§ WHAT YOU WILL DO: Below are entries to reproduce exactly, apart from their pictures.

[Brief descriptive captions]
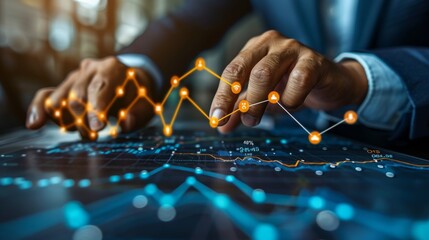 Businessmen touch the glowing arrow line chart of business growth and success, stock concept. The background shows business growth and success,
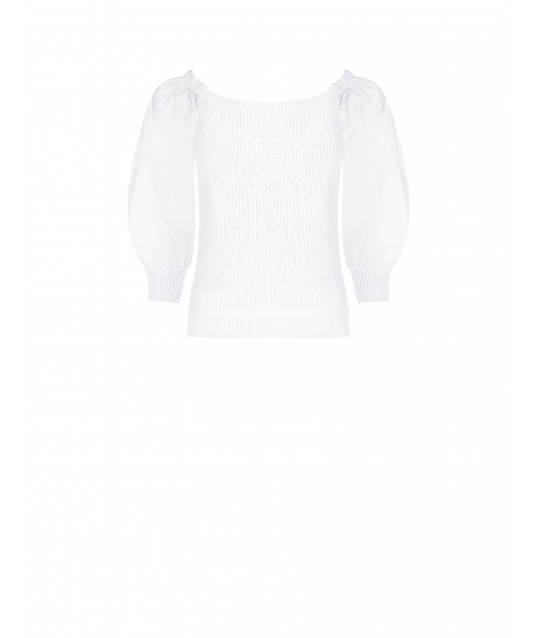 Cotton-blend braided knit top with puff sleeves in ‘Rinascimento’ poplin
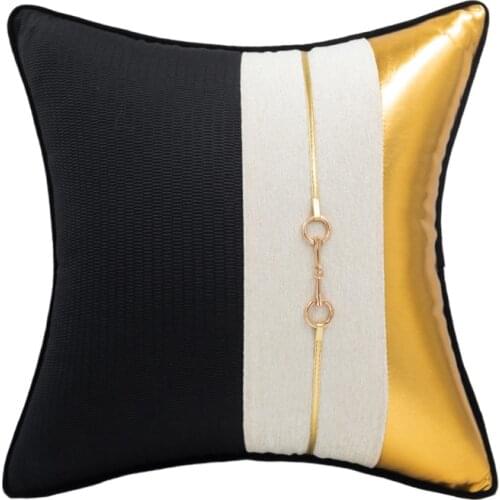 Jacquard Cushion Cover Gold White Blue Patchwork Pillow Cover Decorative Living Room Waist Pillows Pillowcase Home Decor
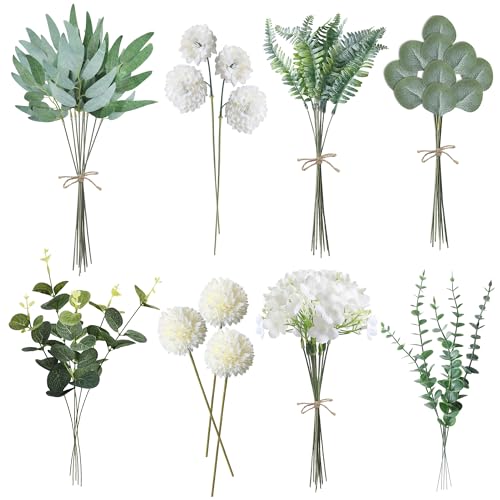 ROLLWAY 55 Stück Künstliche Zweige & Kunstblumen, Weiß Blumen Blätter Künstlich Dekozweige, Kunst Blumen Kunstblumenstrauss Eukalyptus Hortensien für DIY Blumenstrauß Brautstrauß Hochzeit (55, Weiß)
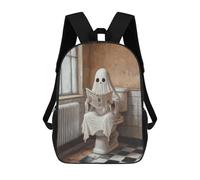 sinyumoney Sacs D'école Imprimés En 3D Pour Enfants 17inch Ghost Reading Newspaper in Bathroom Sac À Dos De Voyage Léger Sac À Livres Pour Enfants Garçons Et Filles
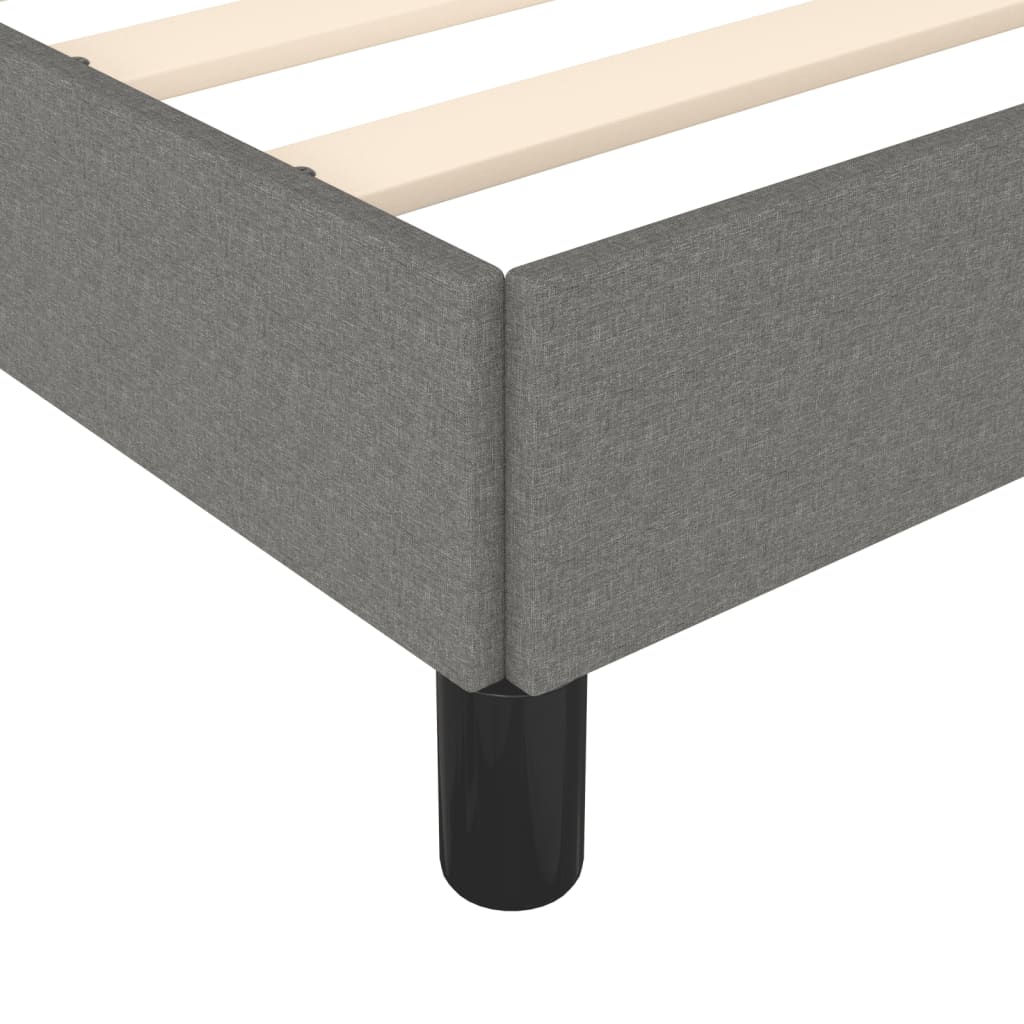Cadre de lit sans matelas gris foncé 90x190 cm tissu - XIOS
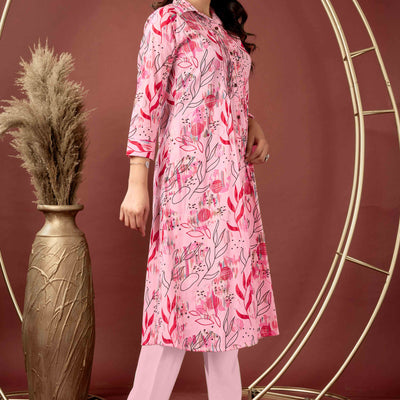 Light Peach Floral Printed Pure Cotton A-Line Kurti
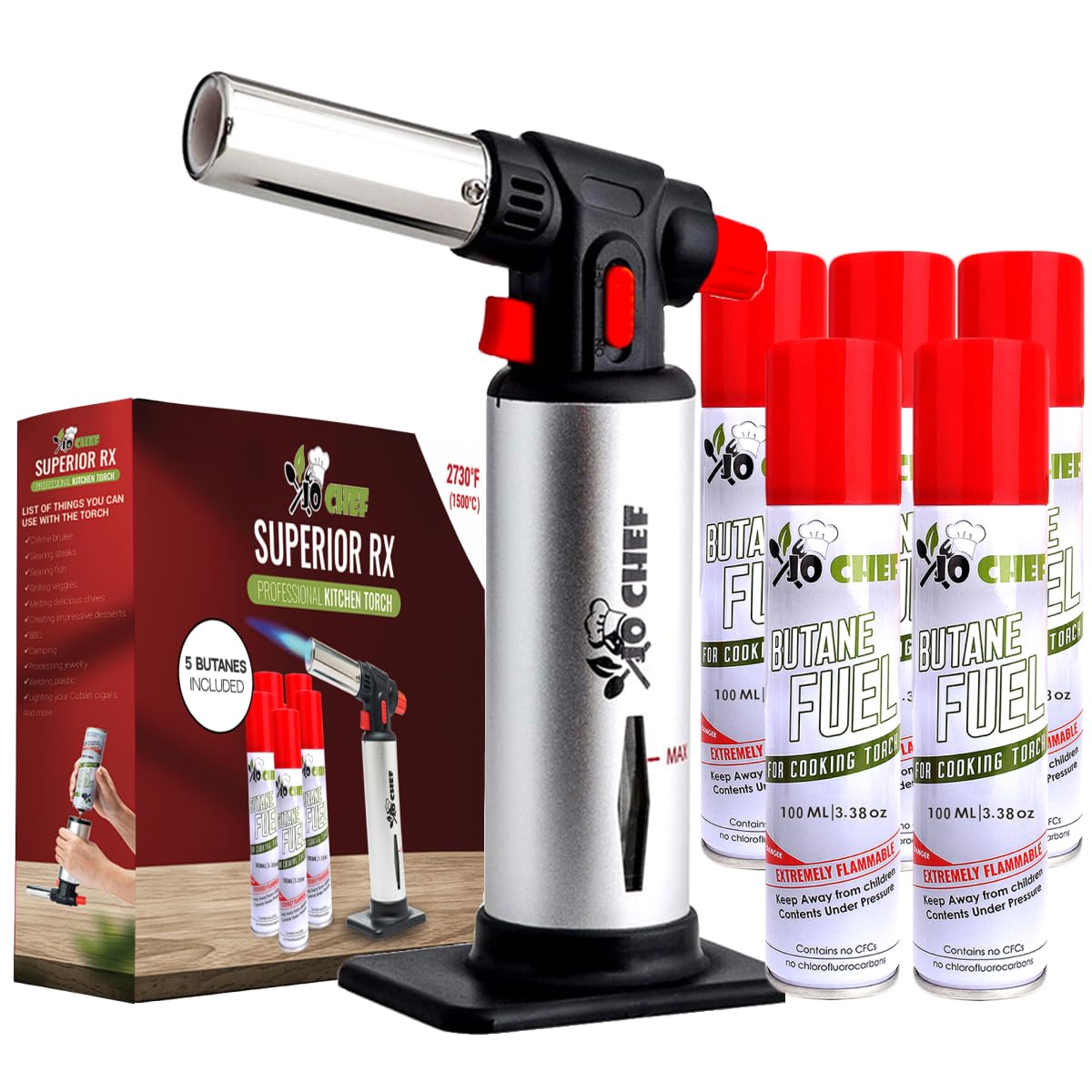Jo Chef Kitchen Torch with Butane Included – Refillable Lighter with Safety Lock & Adjustable Flame, Blow Culinary Torch for Cooking, BBQ, Creme Brulee, DIY and Soldering - 1 Can (5.07oz) Included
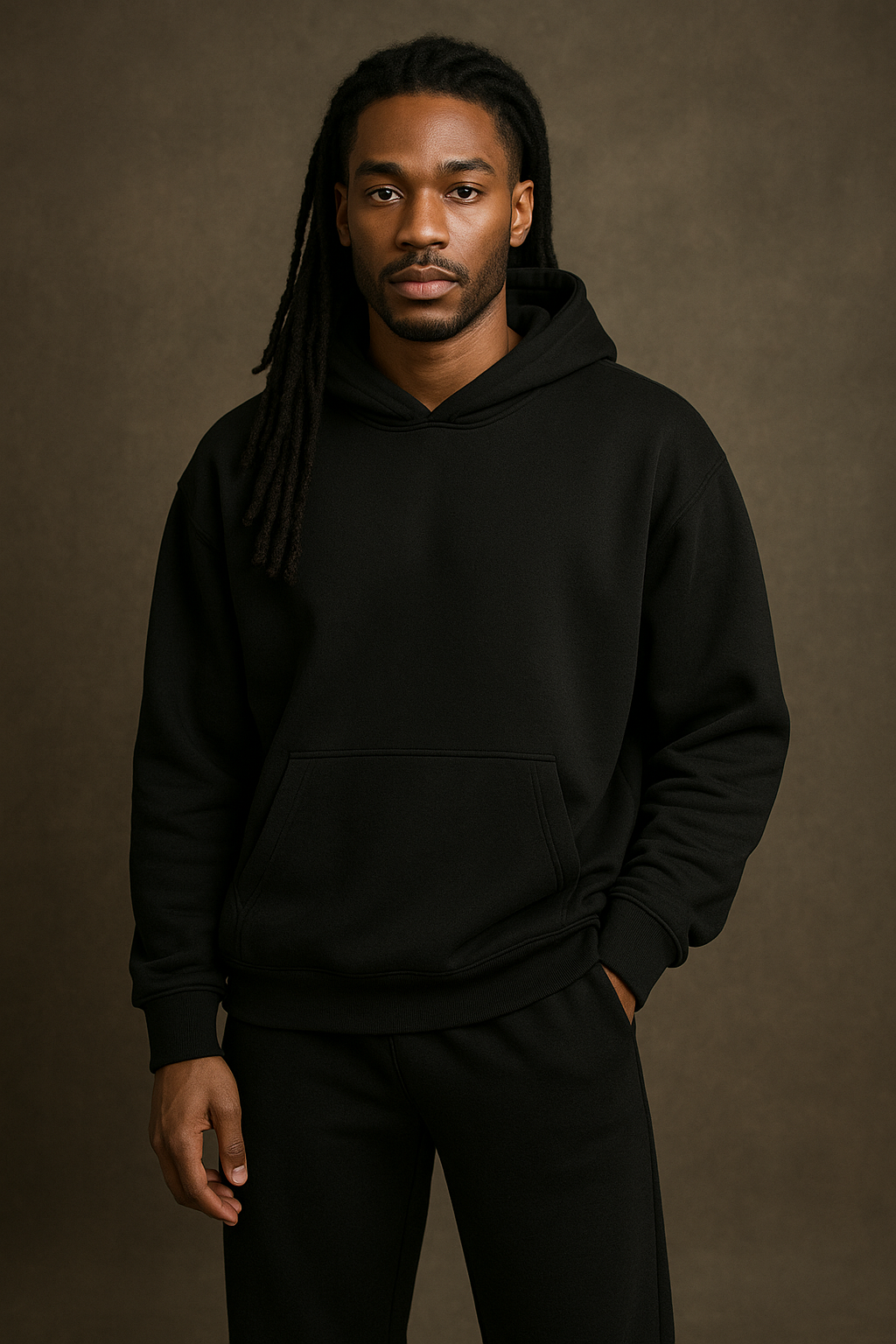 Cozy Oversized Black Hoodie Set - Unisex Premium Hoodie & Jogger Lounge Outfit for Everyday Wear - Simple Elegant Design for Men & Women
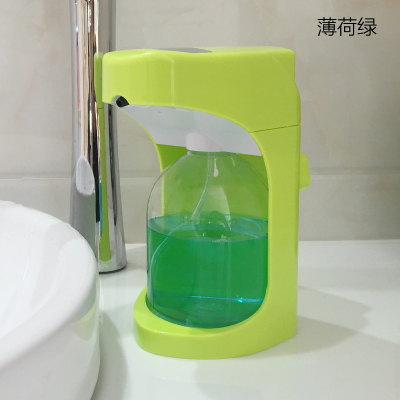 自动感应泡沫洗手液瓶 壁CIAA挂式洗手机免打孔皂液器家用浴室给皂器 薄荷绿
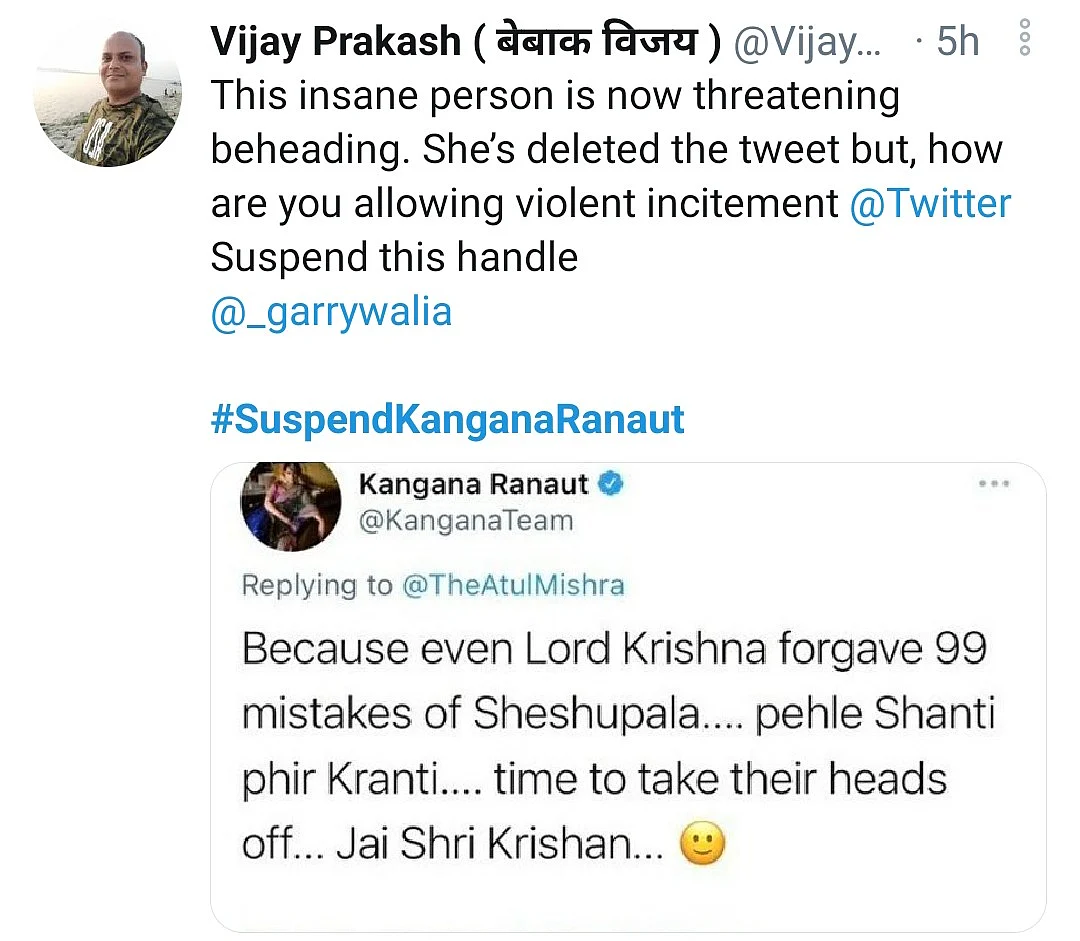 Twitterati Lobbies for Suspension of Kangana Ranaut’s Account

§ SOLUTION:
 Businessmen touch the glowing arrow line chart of business growth and success, stock concept. The background shows business growth and success,
 Cotton-blend braided knit top with puff sleeves in ‘Rinascimento’ poplin
 Jacquard Cushion Cover Gold White Blue Patchwork Pillow Cover Decorative Living Room Waist Pillows Pillowcase Home Decor
 ROLLWAY 55 Stück Künstliche Zweige & Kunstblumen, Weiß Blumen Blätter Künstlich Dekozweige, Kunst Blumen Kunstblumenstrauss Eukalyptus Hortensien für DIY Blumenstrauß Brautstrauß Hochzeit (55, Weiß)
 sinyumoney Sacs D'école Imprimés En 3D Pour Enfants 17inch Ghost Reading Newspaper in Bathroom Sac À Dos De Voyage Léger Sac À Livres Pour Enfants Garçons Et Filles
Cadre de lit sans matelas gris foncé 90x190 cm tissu - XIOS
 Light Peach Floral Printed Pure Cotton A-Line Kurti
Jo Chef Kitchen Torch with Butane Included – Refillable Lighter with Safety Lock & Adjustable Flame, Blow Culinary Torch for Cooking, BBQ, Creme Brulee, DIY and Soldering - 1 Can (5.07oz) Included
 Cozy Oversized Black Hoodie Set - Unisex Premium Hoodie & Jogger Lounge Outfit for Everyday Wear - Simple Elegant Design for Men & Women
 自动感应泡沫洗手液瓶 壁CIAA挂式洗手机免打孔皂液器家用浴室给皂器 薄荷绿
 Twitterati Lobbies for Suspension of Kangana Ranaut’s Account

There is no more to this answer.